**Task requirements**
When you copy the listing, skip the images and return each line verbatim.

**The data**

────────

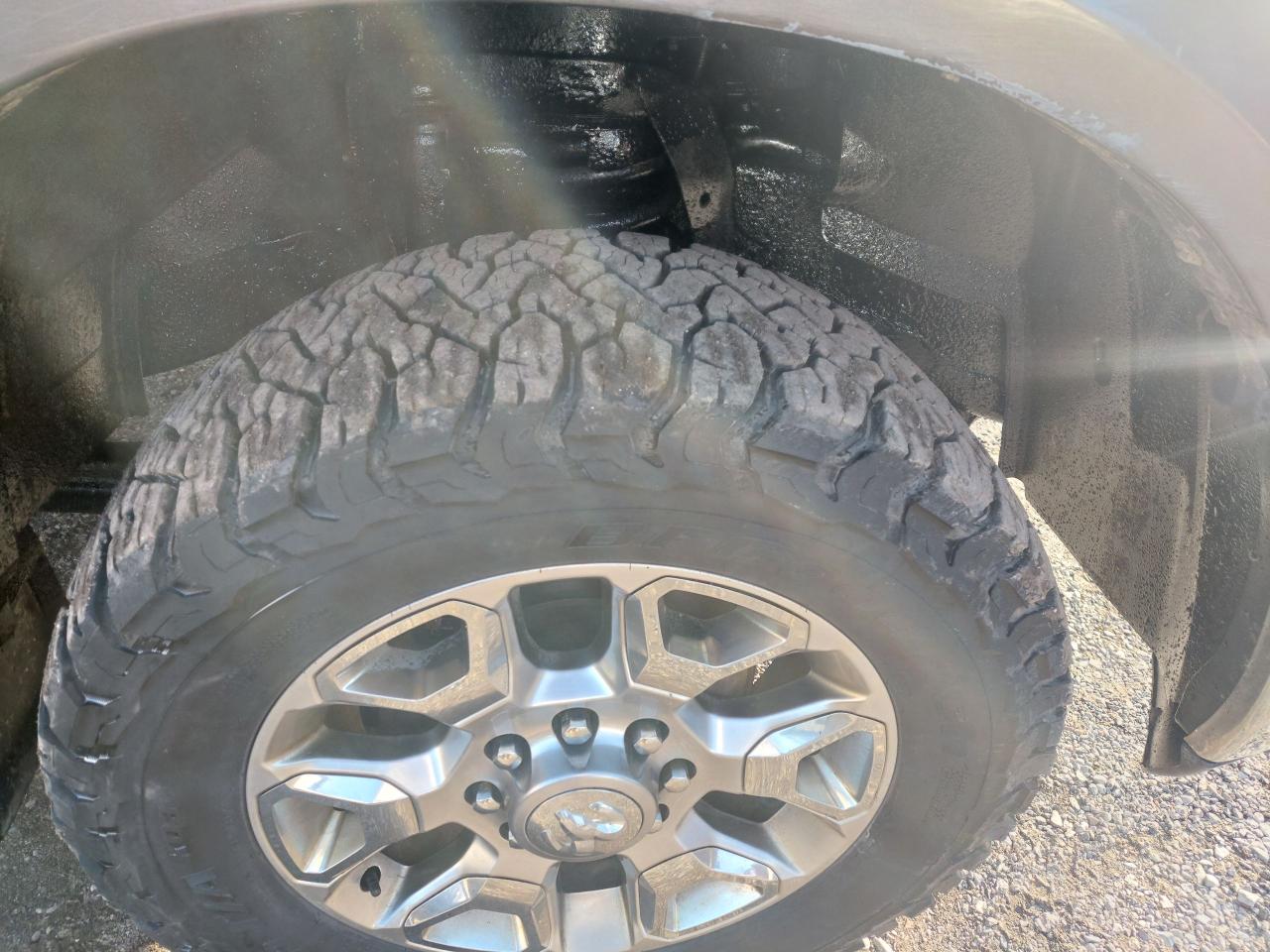 2017 RAM 2500 4WD Crew Cab 149" Limited - Photo #38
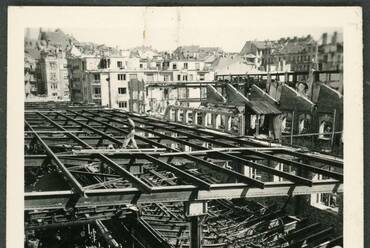 A Ganz budai gyára a világháborús károkkal, 1945 körül. Fotó Wolf Johanna hagyatékában, Vitányi Pál jóvoltából.
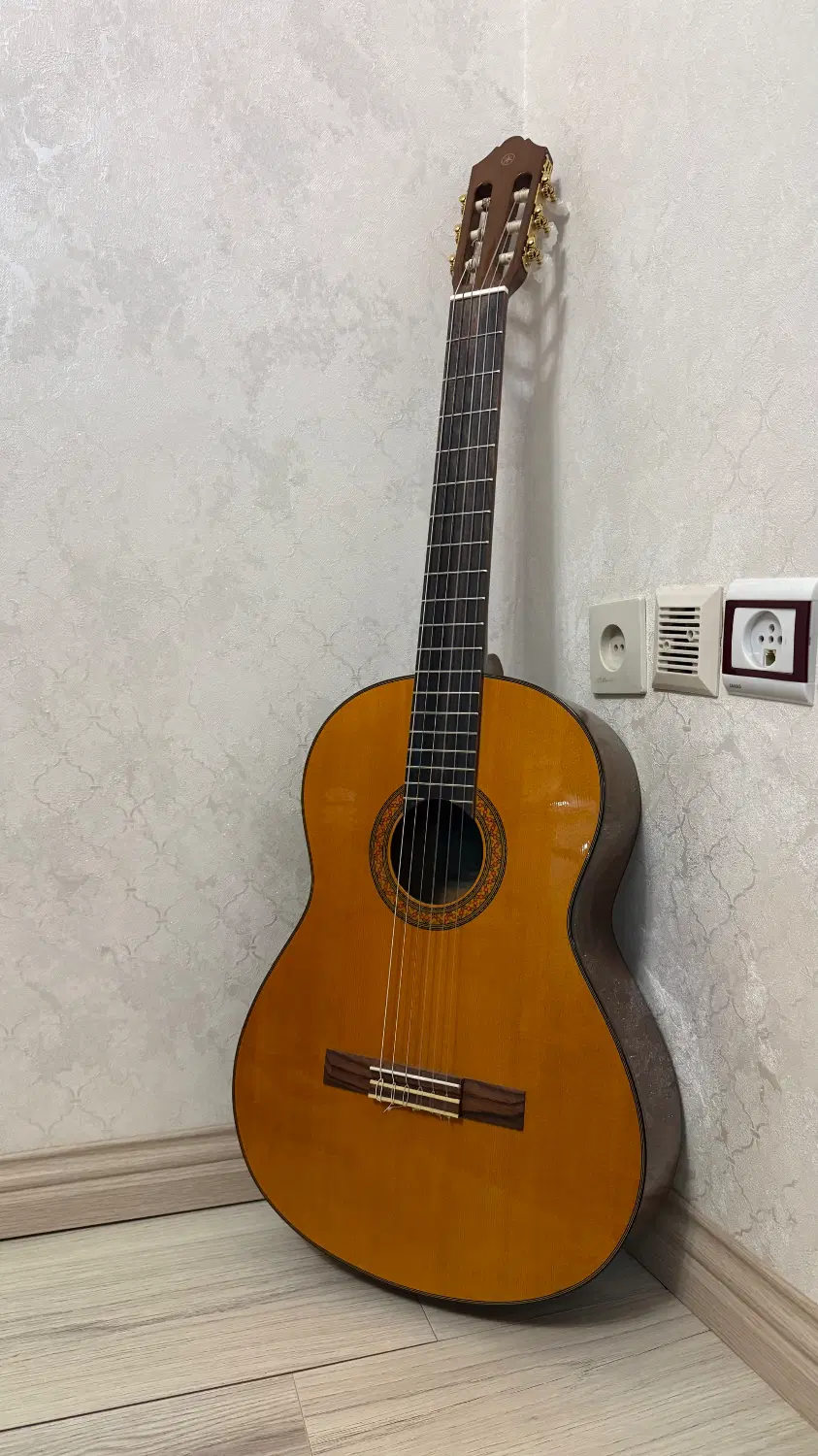 گیتار YAMAHA c70|گیتار، بیس، امپلیفایر|مشگین شهر, |دیوار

────────

**Answer space**
 2017 RAM 2500 4WD Crew Cab 149" Limited - Photo #38
 A Ganz budai gyára a világháborús károkkal, 1945 körül. Fotó Wolf Johanna hagyatékában, Vitányi Pál jóvoltából.
 گیتار YAMAHA c70|گیتار، بیس، امپلیفایر|مشگین شهر, |دیوار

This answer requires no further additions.